Given data =
--- --- ---

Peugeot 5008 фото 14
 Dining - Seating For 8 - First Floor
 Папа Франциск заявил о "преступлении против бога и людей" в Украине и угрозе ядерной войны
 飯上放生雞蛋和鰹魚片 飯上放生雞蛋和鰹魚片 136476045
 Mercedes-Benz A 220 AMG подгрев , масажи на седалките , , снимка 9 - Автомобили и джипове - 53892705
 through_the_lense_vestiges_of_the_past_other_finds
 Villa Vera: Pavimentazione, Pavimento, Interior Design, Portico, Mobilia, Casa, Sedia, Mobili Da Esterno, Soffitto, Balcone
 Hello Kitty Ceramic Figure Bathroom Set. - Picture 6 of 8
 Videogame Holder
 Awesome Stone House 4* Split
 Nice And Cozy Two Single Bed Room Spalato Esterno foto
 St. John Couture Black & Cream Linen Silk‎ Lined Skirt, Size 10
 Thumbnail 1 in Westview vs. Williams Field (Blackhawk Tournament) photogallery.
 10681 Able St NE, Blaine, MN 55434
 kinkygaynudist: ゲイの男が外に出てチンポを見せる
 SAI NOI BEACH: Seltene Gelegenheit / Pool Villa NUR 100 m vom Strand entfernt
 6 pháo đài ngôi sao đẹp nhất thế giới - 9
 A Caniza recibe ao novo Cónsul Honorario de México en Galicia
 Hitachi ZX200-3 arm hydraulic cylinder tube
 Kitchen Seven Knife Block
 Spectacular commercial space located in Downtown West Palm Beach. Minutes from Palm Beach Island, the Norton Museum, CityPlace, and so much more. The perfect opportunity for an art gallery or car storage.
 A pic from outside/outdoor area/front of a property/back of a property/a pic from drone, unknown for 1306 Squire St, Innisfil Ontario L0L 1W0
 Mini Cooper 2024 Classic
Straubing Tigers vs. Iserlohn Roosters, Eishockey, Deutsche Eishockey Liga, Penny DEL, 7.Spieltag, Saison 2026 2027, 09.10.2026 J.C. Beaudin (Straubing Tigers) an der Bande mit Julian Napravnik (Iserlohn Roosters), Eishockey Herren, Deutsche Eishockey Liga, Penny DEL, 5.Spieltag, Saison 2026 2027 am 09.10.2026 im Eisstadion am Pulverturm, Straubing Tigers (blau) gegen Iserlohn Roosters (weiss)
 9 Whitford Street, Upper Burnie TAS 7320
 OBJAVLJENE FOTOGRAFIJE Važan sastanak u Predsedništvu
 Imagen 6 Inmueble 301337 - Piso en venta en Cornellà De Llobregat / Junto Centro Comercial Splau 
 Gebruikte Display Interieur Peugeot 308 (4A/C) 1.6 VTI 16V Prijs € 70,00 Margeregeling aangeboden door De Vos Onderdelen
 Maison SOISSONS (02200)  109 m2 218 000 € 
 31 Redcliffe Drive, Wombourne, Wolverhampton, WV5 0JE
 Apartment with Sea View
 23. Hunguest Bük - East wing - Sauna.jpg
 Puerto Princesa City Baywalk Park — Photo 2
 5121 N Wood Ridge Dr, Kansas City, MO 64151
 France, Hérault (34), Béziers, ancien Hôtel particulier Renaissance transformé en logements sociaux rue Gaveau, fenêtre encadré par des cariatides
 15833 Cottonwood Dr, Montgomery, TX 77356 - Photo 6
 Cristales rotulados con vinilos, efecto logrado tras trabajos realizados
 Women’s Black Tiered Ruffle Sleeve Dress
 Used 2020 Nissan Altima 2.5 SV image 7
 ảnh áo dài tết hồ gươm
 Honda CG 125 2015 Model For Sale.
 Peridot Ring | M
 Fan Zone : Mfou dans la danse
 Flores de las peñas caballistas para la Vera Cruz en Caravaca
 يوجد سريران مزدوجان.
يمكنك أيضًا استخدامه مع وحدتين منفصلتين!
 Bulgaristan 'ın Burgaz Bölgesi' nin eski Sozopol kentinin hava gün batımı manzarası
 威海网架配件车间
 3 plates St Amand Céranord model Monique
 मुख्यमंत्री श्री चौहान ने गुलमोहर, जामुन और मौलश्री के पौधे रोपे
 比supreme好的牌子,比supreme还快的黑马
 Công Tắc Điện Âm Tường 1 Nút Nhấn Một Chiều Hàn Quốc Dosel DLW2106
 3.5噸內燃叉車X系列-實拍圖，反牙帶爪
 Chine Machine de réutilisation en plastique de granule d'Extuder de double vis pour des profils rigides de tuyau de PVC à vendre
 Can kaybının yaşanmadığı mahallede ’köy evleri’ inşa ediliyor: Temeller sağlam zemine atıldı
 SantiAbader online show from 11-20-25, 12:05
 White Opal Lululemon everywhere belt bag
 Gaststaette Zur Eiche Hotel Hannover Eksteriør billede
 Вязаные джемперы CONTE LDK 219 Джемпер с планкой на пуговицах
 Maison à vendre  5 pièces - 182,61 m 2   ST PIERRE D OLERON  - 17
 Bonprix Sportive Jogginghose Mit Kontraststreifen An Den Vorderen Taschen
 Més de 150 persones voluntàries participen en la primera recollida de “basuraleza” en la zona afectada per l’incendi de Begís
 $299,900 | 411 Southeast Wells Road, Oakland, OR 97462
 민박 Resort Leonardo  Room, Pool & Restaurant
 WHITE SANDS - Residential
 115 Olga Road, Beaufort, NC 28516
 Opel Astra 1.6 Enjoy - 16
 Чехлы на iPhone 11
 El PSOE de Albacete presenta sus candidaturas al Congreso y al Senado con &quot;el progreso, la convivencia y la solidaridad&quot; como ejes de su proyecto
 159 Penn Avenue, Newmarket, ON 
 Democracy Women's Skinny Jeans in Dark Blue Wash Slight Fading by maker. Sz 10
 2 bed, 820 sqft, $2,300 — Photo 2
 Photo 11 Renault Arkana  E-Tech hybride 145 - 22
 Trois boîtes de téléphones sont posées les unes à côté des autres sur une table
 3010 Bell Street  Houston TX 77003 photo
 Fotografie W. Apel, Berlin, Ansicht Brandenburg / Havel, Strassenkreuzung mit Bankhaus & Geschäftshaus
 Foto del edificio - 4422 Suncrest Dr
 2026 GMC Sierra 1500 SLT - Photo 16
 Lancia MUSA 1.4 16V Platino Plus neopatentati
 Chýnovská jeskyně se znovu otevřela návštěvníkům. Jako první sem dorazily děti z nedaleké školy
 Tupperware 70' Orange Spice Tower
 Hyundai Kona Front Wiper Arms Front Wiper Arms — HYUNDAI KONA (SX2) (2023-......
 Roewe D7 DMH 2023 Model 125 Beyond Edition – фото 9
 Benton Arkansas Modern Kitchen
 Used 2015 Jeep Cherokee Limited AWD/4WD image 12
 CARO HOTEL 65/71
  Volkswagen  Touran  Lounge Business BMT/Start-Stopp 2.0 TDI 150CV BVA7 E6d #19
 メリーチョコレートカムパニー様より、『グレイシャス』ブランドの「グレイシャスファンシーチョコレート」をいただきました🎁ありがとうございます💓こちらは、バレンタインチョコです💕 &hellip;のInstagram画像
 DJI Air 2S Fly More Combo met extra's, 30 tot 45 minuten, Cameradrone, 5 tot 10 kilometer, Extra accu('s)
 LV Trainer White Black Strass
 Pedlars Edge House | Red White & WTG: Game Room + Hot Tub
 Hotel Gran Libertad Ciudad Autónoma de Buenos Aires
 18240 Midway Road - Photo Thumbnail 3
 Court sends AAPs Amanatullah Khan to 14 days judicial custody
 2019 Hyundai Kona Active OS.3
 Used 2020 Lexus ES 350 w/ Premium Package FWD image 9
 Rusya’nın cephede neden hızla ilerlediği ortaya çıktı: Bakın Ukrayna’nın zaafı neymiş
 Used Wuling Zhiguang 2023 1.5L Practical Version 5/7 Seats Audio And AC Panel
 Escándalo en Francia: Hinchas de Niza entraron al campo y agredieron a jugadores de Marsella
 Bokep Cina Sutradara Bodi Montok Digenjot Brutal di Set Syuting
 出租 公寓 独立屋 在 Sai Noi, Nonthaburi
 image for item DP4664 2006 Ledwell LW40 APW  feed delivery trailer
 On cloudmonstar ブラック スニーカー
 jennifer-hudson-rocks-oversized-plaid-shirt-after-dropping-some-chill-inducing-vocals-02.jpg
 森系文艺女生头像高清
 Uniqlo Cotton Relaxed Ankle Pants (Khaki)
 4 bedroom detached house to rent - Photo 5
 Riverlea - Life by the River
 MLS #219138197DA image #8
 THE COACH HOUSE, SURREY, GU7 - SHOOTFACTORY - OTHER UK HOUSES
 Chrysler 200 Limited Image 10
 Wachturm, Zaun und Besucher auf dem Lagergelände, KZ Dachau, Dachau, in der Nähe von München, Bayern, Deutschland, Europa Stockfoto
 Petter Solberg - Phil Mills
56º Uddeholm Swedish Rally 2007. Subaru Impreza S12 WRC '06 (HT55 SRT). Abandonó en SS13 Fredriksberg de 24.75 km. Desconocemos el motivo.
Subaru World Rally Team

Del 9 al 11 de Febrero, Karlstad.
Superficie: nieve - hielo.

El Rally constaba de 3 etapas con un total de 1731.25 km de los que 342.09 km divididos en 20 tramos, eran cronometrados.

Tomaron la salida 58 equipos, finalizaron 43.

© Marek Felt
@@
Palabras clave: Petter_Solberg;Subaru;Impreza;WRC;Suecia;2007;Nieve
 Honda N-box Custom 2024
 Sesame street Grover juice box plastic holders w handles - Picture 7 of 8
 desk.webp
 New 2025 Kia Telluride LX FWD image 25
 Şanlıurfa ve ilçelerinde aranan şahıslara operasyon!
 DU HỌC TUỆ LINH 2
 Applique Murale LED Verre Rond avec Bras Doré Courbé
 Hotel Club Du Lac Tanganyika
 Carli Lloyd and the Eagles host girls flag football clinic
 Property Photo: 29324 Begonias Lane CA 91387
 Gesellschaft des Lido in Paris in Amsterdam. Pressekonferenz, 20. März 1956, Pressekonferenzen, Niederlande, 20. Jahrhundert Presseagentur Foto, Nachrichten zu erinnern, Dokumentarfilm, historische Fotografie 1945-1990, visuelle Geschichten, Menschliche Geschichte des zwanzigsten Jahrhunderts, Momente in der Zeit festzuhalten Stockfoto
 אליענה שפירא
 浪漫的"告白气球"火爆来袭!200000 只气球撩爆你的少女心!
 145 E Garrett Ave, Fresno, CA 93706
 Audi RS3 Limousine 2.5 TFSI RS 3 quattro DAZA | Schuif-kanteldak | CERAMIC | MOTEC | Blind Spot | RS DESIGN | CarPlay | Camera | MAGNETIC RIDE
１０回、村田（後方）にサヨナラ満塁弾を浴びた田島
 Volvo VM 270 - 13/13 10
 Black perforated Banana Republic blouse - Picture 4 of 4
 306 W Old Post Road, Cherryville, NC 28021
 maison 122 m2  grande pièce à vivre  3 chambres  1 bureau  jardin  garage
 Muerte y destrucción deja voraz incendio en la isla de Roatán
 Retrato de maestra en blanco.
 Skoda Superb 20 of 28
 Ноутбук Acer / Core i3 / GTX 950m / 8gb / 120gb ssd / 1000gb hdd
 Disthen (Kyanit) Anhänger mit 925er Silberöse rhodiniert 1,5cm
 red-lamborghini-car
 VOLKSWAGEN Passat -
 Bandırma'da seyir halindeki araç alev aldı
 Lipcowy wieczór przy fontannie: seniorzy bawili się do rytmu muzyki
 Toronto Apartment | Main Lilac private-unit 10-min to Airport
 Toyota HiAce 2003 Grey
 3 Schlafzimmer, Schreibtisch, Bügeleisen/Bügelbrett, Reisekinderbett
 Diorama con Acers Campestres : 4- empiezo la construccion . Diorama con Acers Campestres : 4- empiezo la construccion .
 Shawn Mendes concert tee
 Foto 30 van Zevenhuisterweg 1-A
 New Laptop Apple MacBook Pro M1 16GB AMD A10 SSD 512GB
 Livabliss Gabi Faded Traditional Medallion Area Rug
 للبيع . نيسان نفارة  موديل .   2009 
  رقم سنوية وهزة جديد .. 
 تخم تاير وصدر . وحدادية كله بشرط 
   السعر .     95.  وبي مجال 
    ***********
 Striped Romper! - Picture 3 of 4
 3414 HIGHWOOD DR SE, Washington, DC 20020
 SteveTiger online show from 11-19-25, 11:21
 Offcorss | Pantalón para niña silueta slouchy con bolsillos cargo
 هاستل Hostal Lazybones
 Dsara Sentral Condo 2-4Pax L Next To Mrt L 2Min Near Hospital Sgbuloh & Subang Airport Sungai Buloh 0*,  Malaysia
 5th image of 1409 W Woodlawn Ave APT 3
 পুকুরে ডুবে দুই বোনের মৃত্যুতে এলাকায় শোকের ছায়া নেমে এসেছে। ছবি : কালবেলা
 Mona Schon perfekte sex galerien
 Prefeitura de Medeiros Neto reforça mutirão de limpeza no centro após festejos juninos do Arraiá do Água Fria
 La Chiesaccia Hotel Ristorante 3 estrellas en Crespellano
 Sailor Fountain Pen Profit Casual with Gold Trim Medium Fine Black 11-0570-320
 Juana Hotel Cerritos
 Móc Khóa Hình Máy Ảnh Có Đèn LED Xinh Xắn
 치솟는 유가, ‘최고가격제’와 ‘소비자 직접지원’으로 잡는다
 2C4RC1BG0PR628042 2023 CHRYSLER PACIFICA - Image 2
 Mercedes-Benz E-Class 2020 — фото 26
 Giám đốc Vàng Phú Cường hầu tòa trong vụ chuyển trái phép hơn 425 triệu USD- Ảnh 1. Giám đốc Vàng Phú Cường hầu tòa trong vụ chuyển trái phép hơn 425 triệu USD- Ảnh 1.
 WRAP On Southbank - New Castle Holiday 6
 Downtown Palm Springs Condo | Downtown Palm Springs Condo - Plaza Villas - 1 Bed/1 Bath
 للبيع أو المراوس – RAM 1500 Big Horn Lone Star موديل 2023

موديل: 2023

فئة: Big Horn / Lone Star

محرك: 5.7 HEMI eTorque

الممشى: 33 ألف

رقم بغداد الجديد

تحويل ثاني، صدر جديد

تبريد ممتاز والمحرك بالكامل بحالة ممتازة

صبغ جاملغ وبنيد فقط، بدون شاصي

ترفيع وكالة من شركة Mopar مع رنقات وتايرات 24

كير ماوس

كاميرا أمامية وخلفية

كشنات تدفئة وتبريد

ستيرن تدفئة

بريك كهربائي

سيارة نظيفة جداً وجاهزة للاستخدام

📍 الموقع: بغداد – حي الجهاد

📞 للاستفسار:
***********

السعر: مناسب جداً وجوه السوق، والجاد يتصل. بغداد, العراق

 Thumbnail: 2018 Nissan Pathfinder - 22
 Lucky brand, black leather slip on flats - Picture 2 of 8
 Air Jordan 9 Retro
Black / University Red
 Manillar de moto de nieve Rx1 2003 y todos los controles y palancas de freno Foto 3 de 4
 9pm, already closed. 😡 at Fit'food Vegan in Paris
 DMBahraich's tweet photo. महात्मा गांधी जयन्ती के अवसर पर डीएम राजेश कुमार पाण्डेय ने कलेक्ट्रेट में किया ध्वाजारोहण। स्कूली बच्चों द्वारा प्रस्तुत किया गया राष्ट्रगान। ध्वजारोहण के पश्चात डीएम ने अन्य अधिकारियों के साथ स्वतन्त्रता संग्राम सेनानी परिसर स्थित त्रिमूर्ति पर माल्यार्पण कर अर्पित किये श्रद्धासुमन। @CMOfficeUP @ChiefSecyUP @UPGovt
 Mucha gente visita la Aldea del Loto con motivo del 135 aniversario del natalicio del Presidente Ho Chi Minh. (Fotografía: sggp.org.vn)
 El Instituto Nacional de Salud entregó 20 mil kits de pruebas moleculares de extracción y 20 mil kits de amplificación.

--- --- ---

Exercise details =
A word-for-word copy of the entries, from the first line through the line containing "Kitchen Seven Knife Block", is the whole answer.

The completed task =
Peugeot 5008 фото 14
 Dining - Seating For 8 - First Floor
 Папа Франциск заявил о "преступлении против бога и людей" в Украине и угрозе ядерной войны
 飯上放生雞蛋和鰹魚片 飯上放生雞蛋和鰹魚片 136476045
 Mercedes-Benz A 220 AMG подгрев , масажи на седалките , , снимка 9 - Автомобили и джипове - 53892705
 through_the_lense_vestiges_of_the_past_other_finds
 Villa Vera: Pavimentazione, Pavimento, Interior Design, Portico, Mobilia, Casa, Sedia, Mobili Da Esterno, Soffitto, Balcone
 Hello Kitty Ceramic Figure Bathroom Set. - Picture 6 of 8
 Videogame Holder
 Awesome Stone House 4* Split
 Nice And Cozy Two Single Bed Room Spalato Esterno foto
 St. John Couture Black & Cream Linen Silk‎ Lined Skirt, Size 10
 Thumbnail 1 in Westview vs. Williams Field (Blackhawk Tournament) photogallery.
 10681 Able St NE, Blaine, MN 55434
 kinkygaynudist: ゲイの男が外に出てチンポを見せる
 SAI NOI BEACH: Seltene Gelegenheit / Pool Villa NUR 100 m vom Strand entfernt
 6 pháo đài ngôi sao đẹp nhất thế giới - 9
 A Caniza recibe ao novo Cónsul Honorario de México en Galicia
 Hitachi ZX200-3 arm hydraulic cylinder tube
 Kitchen Seven Knife Block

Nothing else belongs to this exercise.